======== Data for processing

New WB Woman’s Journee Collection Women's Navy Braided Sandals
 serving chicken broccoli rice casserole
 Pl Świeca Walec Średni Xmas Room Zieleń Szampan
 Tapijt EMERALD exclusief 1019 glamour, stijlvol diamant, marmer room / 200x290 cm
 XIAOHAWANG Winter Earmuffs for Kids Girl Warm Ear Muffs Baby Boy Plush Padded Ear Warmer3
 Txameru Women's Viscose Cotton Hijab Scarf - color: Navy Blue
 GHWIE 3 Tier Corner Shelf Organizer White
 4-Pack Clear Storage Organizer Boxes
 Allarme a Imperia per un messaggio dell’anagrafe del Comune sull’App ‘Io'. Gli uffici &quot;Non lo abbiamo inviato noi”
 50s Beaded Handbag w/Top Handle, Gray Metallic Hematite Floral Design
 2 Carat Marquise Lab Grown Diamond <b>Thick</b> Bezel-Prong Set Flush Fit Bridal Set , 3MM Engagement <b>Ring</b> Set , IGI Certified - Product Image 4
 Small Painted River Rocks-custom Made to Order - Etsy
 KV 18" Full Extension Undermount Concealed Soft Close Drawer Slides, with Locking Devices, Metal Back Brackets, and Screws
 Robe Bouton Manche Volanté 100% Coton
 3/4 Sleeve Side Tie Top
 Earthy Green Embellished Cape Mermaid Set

================

→ Your objective: All of the records should be transcribed exactly, with nothing left out.

→ Output below:
New WB Woman’s Journee Collection Women's Navy Braided Sandals
 serving chicken broccoli rice casserole
 Pl Świeca Walec Średni Xmas Room Zieleń Szampan
 Tapijt EMERALD exclusief 1019 glamour, stijlvol diamant, marmer room / 200x290 cm
 XIAOHAWANG Winter Earmuffs for Kids Girl Warm Ear Muffs Baby Boy Plush Padded Ear Warmer3
 Txameru Women's Viscose Cotton Hijab Scarf - color: Navy Blue
 GHWIE 3 Tier Corner Shelf Organizer White
 4-Pack Clear Storage Organizer Boxes
 Allarme a Imperia per un messaggio dell’anagrafe del Comune sull’App ‘Io'. Gli uffici &quot;Non lo abbiamo inviato noi”
 50s Beaded Handbag w/Top Handle, Gray Metallic Hematite Floral Design
 2 Carat Marquise Lab Grown Diamond <b>Thick</b> Bezel-Prong Set Flush Fit Bridal Set , 3MM Engagement <b>Ring</b> Set , IGI Certified - Product Image 4
 Small Painted River Rocks-custom Made to Order - Etsy
 KV 18" Full Extension Undermount Concealed Soft Close Drawer Slides, with Locking Devices, Metal Back Brackets, and Screws
 Robe Bouton Manche Volanté 100% Coton
 3/4 Sleeve Side Tie Top
 Earthy Green Embellished Cape Mermaid Set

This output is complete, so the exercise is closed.